Using the Baby X UTF-8 utility functions

The Baby X UTF-8 utility functions are a simple set of functions which make it easy to manipulate UTF-8. All Baby X API functions which accept a char * accept UTF-8. The functions are easy to use and efficient.

What is UTF-8

Unicode is a character encoding which represents all the glyphs in common use in human languages. So not just English letters, like ASCII, but also Greek and Arabic and Japanese and so on. It was originally thought that 64,000 characters would be enough, and so the original version of Unicode was a 16-bit character set. This proved to be a big mistake. More than 64,000 characters were needed. And there was a massive amount of legacy code which expected strings in ASCII, and couldn't work with 16-bit wide characters.

So to address these probles, UTF-8 was invented. It is backwards compatible with ASCII. So every ASCII string is also a valid UTF-8 string. However ASCII is only a seven bit encoding, whilst bytes have eight bits. So UTF-8 exploits the extra high bit. If the high bit is set, the character is part of a multi-byte encoding of a Unicode value greater than 127. The higher the value, the more bytes used. There might be one (for ASCII), two, three, or even four UTF-8 bytes used to encode a single Unicode value, or "code point".

You don't have to know the details of how UTF-8 works to use the Baby X utility functions successfully, but for the curious, here are the details:

0xxxxxxx - ASCII character
1xxxxxxx - Part of a multibyte character

Bytes	Bits	Hex Min	Hex Max	Byte Sequence in Binary
1	7	00000000	0000007f	0zzzzzzz
2	13	00000080	0000207f	10zzzzzz 1yyyyyyy
3	19	00002080	0008207f	110zzzzz 1yyyyyyy 1xxxxxxx
4	25	00082080	0208207f	1110zzzz 1yyyyyyy 1xxxxxxx 1wwwwwww
5	31	02082080	7fffffff	11110zzz 1yyyyyyy 1xxxxxxx 1wwwwwww 1vvvvvvv

The bits included in the byte sequence is biased by the minimum value so that if all the z's, y's, x's, w's, and v's are zero, the minimum value is represented. In the byte sequences, the lowest-order encoded bits are in the last byte; the high-order bits (the z's) are in the first byte.

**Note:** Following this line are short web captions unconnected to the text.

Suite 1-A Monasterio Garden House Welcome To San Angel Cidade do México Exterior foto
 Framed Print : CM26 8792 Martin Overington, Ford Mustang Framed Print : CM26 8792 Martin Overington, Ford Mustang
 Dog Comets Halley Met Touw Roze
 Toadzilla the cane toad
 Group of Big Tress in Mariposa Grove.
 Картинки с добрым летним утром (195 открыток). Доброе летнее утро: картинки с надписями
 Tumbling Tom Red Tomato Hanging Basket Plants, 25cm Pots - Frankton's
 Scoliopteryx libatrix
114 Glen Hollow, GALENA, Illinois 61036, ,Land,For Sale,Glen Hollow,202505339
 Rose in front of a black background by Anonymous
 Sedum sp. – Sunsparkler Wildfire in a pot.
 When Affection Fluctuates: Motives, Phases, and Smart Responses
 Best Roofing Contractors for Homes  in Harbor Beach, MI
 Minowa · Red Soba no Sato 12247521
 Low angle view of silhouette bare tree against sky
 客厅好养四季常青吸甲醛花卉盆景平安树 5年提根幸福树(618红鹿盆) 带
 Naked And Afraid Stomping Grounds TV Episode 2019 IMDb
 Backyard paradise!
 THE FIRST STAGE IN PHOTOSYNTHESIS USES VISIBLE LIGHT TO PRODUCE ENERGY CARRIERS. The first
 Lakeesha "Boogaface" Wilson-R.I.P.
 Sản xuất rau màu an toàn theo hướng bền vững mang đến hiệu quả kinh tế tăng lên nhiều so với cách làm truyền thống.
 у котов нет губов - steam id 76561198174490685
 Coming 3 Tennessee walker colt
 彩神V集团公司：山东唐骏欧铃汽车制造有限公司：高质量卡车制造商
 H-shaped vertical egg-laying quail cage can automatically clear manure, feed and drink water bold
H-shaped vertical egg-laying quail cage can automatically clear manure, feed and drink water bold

An easy way to remember this transformation format is to note that the number of high-order 1's in the first byte is the same as the number of subsequent bytes in the multibyte character:

The Baby X UTF-8 utility functions


        int bbx_isutf8z(const char *str);
        int bbx_utf8_skip(const char *utf8);
        int bbx_utf8_getch(const char *utf8);
        int bbx_utf8_putch(char *out, int ch);
        int bbx_utf8_charwidth(int ch);
        int bbx_utf8_Nchars(const char *utf8);

Examples


   int *uft8toUnicode(const char *utf8)
   {
      int *result;
      const char *ptr;
      int N;
      int i;

      /* are we passed a valid UTF-8 string? */
      if (!bbx_utf8_isutf8z(utf8))
        return 0;
      /* count the character so we know how many to allocate */
      N = bbx_utf8_Nchars(utf8);
      result = malloc((N +1) * sizeof(int));

      /* pull out the characters are return as an array of code points */
      ptr = utf8;
      for (i =0; i < N + 1; i++)
      {
        int codepoint = bbx_utf8_getch(ptr);
        result[i] = ch;
        ptr += bbx_uf8_skip(ptr);
      }

      return result;
   }

This is code to convert from UTF-8 to Unicode code points.


	char *utf16toutf8(wchar_t *utf16)
        {
           int size = 0;;
           int i;
           char *result;
           char *ptr;
 
           /* get the size of the output buffer */
           for (i =0; utf16[i]; i++)
              size += bbx_utf8_charwidth(utf16[i]);
           size++;

           result = malloc(size);
           ptr = result;

           /* now put the characters into the buffer in UTF-8 */
           for (i =0; utf16[i]; i++)
           {
              ptr += bbx_utf8_putch(ptr, utf16[i]);
           }
           /* add the nul */
           *ptr++ = 0;

           return result;
        }

This is code to convert from a wide character encoding to UTF-8.